There are thirty-seven licensed recreational cannabis vendors in Illinois. According to nonprofit organization IllinoisPolicy.com, “Beginning in mid-2020, Illinois will grant additional licenses to dozens of new stores, processors, cultivators, and transporters.”

The state will beginning granting new licenses in May, said the Chicago Tribune, and officials already have selected the first round of seventy-five licensees from more than seven hundred applications.

Illinois residents are allowed to possess up to thirty grams of cannabis (a little over an ounce), up to five grams of cannabis concentrate, and are limited to a total of five hundred milligrams of THC, for edibles and other products.

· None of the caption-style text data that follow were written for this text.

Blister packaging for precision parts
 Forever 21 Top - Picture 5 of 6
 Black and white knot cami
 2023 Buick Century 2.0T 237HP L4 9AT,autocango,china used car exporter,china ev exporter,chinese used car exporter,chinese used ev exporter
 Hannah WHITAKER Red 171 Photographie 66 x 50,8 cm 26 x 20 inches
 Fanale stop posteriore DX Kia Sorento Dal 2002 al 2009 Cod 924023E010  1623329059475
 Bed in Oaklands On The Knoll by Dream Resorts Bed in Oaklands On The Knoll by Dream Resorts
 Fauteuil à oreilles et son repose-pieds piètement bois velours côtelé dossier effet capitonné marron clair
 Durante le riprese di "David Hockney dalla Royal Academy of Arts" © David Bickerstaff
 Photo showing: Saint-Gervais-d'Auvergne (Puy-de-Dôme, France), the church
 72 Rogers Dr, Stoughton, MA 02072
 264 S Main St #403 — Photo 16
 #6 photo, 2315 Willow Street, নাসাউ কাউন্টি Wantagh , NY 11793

Visitors to Illinois are permitted to have half of those amounts, per product category, for personal consumption.

Prior to legalization, Illinois Governor J.B. Pritzker issued more than 11,000 pardons for cannabis offenses as a New Year’s Eve nod of support for legal cannabis legislation, as well as to to address “the 50-year-long war on cannabis,” Pritzker said in a statement.

“Tomorrow when adult-use cannabis becomes legal, pay attention to the fact that we are beginning to accomplish four very important things: We are ending the 50-year-long war on cannabis. We are restoring rights to many tens of thousands of Illinoisans. We are bringing regulation and safety to a previously unsafe and illegal market. And we are creating a new industry that puts equity at its very core,” he said further.